I have written your society at intervals for the past four years begging them to stop sending me Mr. Howard Kent's mail. I have begged and pleaded until patience has ceased to be a virtue. I am now going to begin to threaten, so if you have any regard for the personal safety of your secretary, you had better caution him to refrain from sending me any more of Mr. Howard Kent's mail, for I shall certainly go over there and thrash him within an inch of his life if he insists upon sending me this literature.
I have spent from one to four dollars on postage returning letters, due bills, tickets, invitations, etc.
In the first place, Howard Kent does not live at 858 Prospect Place, and he never did. You annoyed me so much with this mail business that I was obliged to move out of the neighborhood. The house is now for sale, and you will have to do one of two things: you will either have to cease sending me this literature, or Howard Kent will have to buy 858 Prospect Place. I thought when I moved here I would escape this persecution, but you seem to have followed me up, and found my new address.
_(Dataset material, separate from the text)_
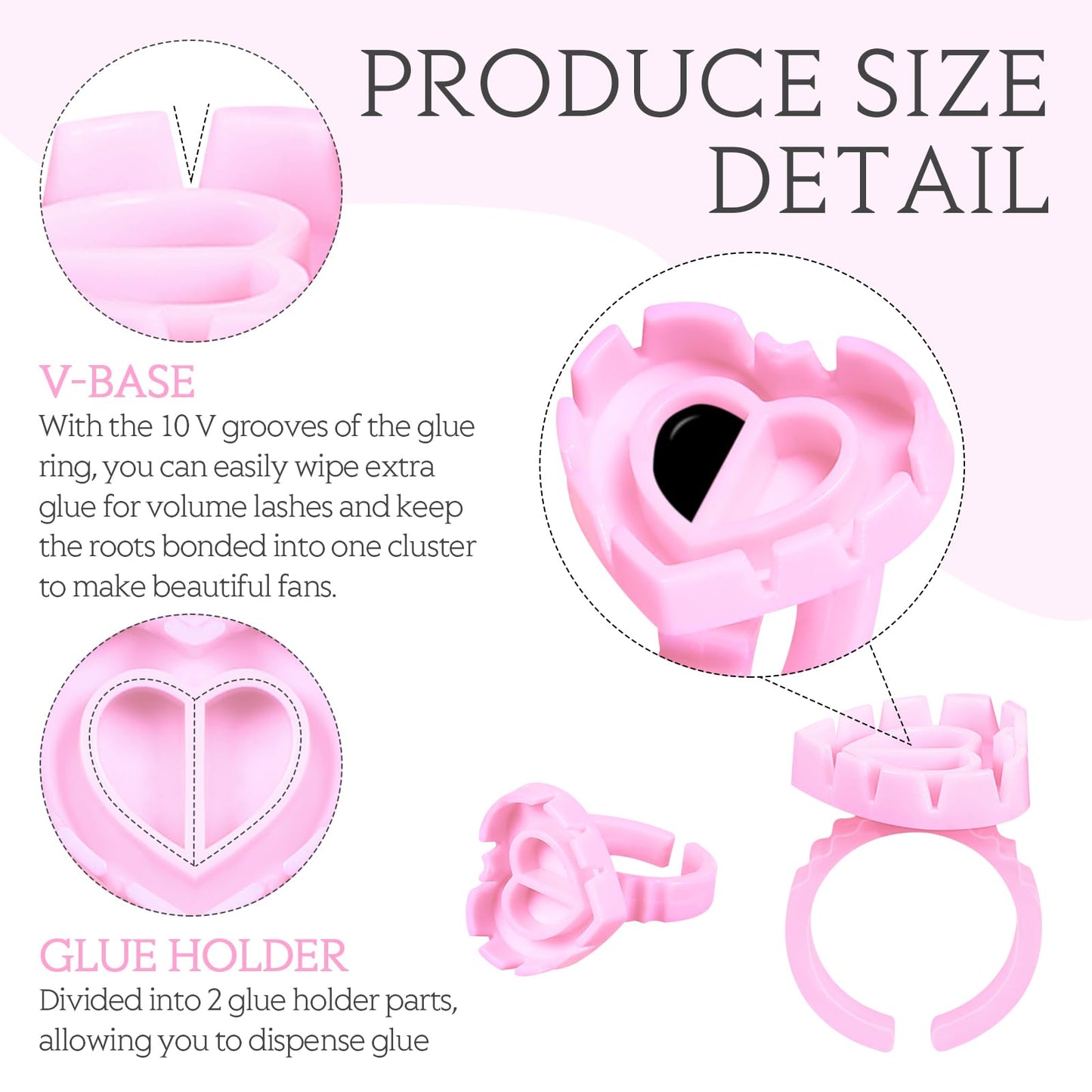 Glue Rings for Eyelash Extensions Lash Disposable Lash Glue Rings for Beauty Salons Holder Fanning Cups Eyelash Extension Supplies(1000 Pcs,Heart Style)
It is terrible.
I don't want your tickets at $3.00, because I am a New England man myself, and know that no New England dinner costs more than twenty-five cents.
I am enclosing you a letter to Mr. Howard Kent, which my secretary opened by mistake.
I hope and pray that this will be the last time I shall be obliged to write you on this subject.
Please forgive me for addressing this letter to you as President, but I realize it is of no use to write to your Secretary any more.
Very truly yours,
Horace L. Kent"
This was one Brooklyn New Englander who almost certainly did not celebrate Forefathers Day.
This blog post reflects the opinions of the author and does not necessarily represent the views of Brooklyn Public Library.